Filter the listing for lines containing "Image".
===== DATA SUPPLIED =====
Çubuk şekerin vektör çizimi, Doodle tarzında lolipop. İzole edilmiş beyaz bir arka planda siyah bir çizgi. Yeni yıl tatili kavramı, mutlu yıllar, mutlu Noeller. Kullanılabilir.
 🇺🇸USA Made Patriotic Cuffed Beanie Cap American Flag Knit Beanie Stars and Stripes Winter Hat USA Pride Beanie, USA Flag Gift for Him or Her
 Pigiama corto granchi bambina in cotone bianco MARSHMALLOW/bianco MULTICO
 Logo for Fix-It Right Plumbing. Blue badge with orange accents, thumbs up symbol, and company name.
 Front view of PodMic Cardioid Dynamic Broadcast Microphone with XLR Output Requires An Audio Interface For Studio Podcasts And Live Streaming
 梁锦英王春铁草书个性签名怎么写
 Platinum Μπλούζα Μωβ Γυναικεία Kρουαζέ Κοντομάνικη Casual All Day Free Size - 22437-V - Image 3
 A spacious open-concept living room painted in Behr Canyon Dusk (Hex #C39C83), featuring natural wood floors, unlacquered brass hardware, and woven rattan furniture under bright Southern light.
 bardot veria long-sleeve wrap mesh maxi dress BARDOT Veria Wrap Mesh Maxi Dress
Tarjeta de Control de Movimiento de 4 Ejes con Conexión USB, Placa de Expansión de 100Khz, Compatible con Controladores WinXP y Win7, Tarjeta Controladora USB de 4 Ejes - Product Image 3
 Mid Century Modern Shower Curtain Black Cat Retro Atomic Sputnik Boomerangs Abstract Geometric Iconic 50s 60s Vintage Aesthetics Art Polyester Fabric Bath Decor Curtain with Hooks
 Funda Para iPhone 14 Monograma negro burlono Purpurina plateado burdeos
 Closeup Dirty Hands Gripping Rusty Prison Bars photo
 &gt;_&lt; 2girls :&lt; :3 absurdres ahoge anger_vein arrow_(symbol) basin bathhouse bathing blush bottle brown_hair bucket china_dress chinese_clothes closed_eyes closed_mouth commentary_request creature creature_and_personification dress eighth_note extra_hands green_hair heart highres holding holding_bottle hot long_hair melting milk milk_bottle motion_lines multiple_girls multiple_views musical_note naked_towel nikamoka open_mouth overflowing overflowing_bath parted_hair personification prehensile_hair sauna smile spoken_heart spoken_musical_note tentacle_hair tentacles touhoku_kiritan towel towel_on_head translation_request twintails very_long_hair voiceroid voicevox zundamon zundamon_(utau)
=====
● **REPLY TO THE TASK**
 Platinum Μπλούζα Μωβ Γυναικεία Kρουαζέ Κοντομάνικη Casual All Day Free Size - 22437-V - Image 3
Tarjeta de Control de Movimiento de 4 Ejes con Conexión USB, Placa de Expansión de 100Khz, Compatible con Controladores WinXP y Win7, Tarjeta Controladora USB de 4 Ejes - Product Image 3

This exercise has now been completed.